◆ **DATASET CONTENT**
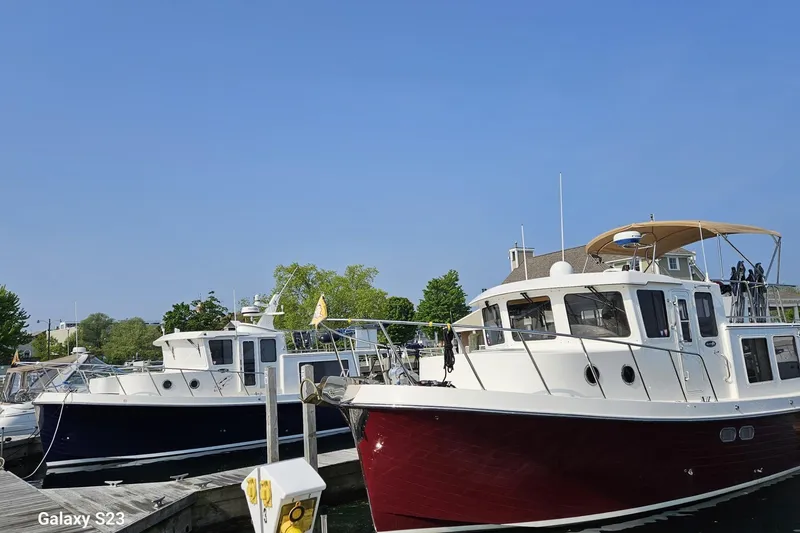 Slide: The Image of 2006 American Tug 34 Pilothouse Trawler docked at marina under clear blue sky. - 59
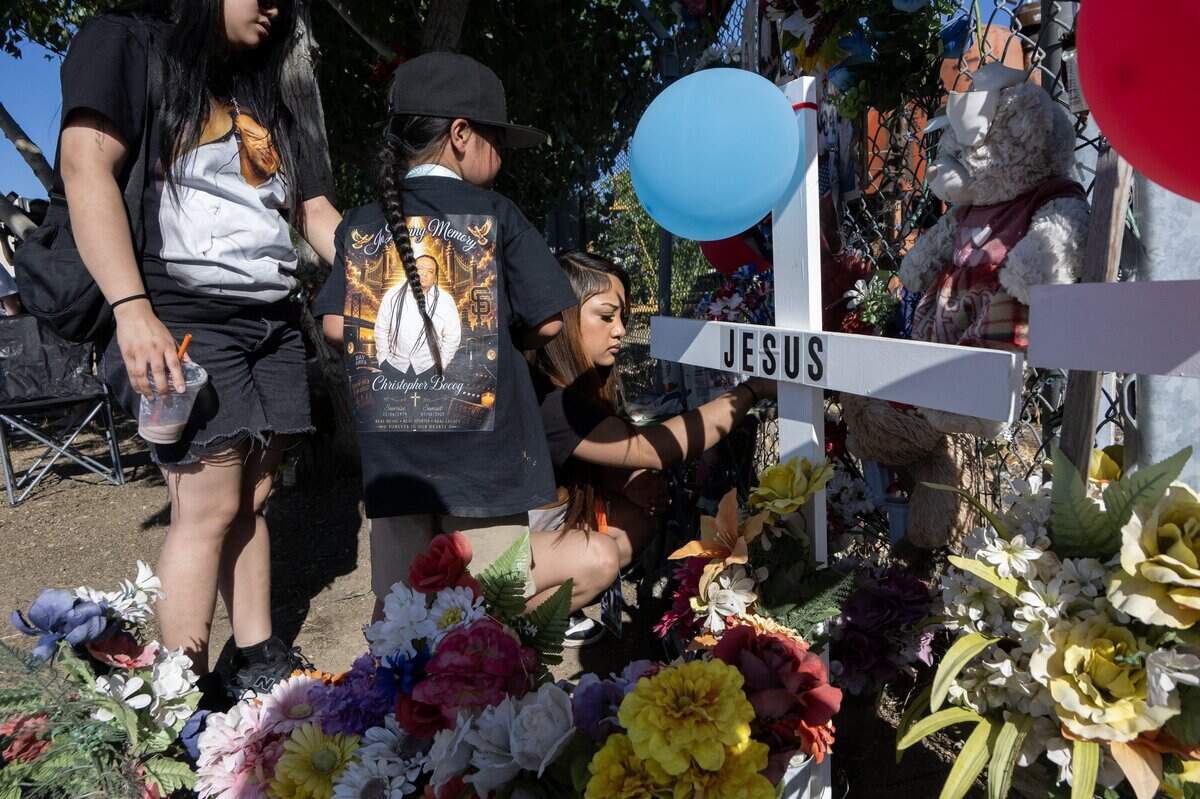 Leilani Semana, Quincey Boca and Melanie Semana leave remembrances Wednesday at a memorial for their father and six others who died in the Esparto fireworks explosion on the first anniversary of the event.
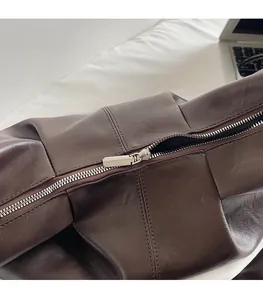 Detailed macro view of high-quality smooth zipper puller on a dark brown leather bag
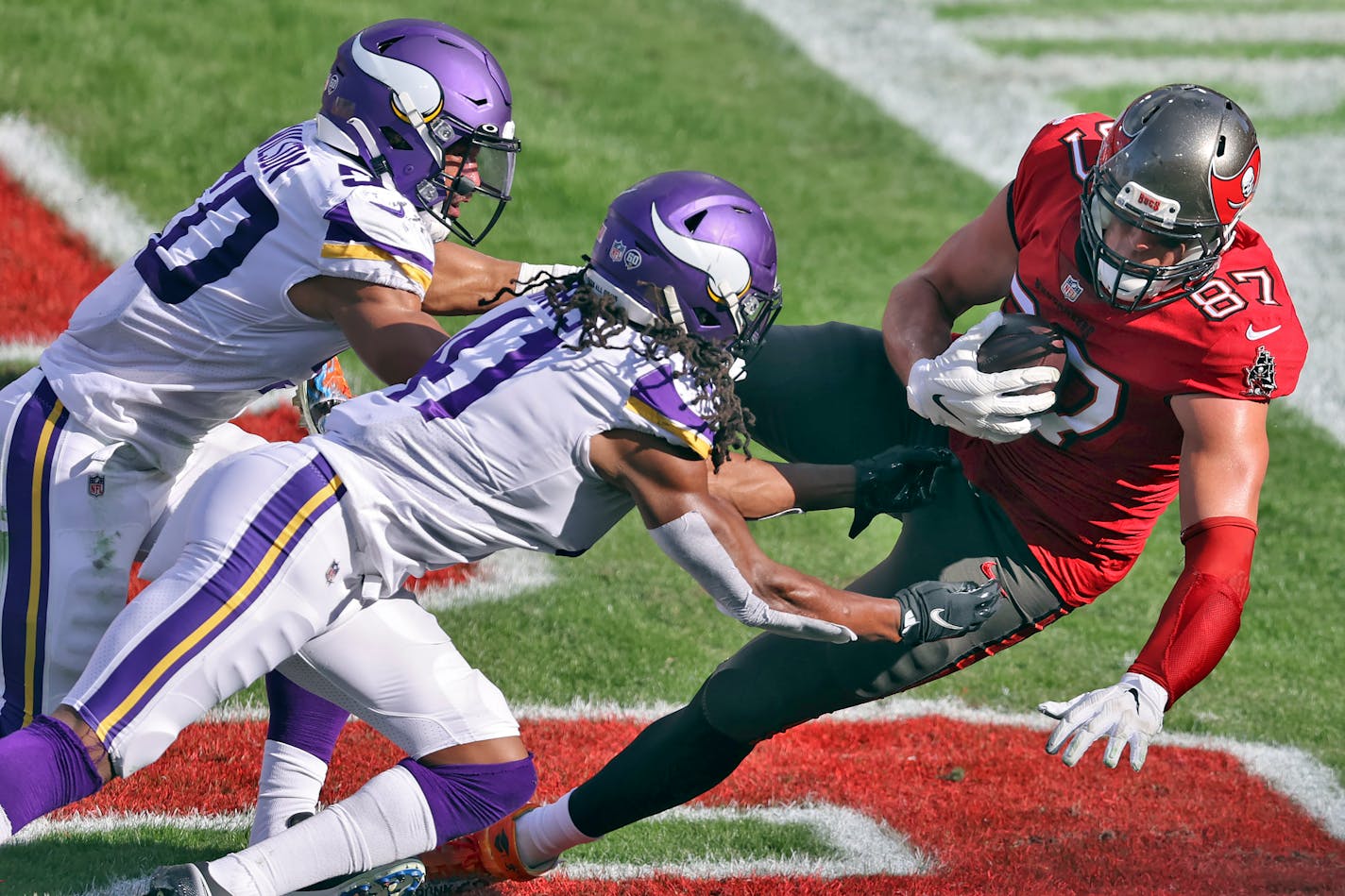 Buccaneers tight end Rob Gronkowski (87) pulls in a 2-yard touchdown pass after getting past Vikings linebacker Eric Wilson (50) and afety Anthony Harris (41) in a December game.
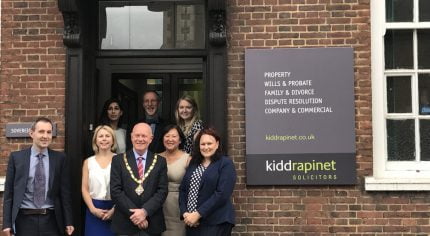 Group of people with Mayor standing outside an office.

◆ **REQUIRED ACTION**
The answer should hold every line of the listing, copied exactly, with no pictures.

◆ **EXERCISE SOLUTION**
 Slide: The Image of 2006 American Tug 34 Pilothouse Trawler docked at marina under clear blue sky. - 59
 Leilani Semana, Quincey Boca and Melanie Semana leave remembrances Wednesday at a memorial for their father and six others who died in the Esparto fireworks explosion on the first anniversary of the event.
 Detailed macro view of high-quality smooth zipper puller on a dark brown leather bag
 Buccaneers tight end Rob Gronkowski (87) pulls in a 2-yard touchdown pass after getting past Vikings linebacker Eric Wilson (50) and afety Anthony Harris (41) in a December game.
 Group of people with Mayor standing outside an office.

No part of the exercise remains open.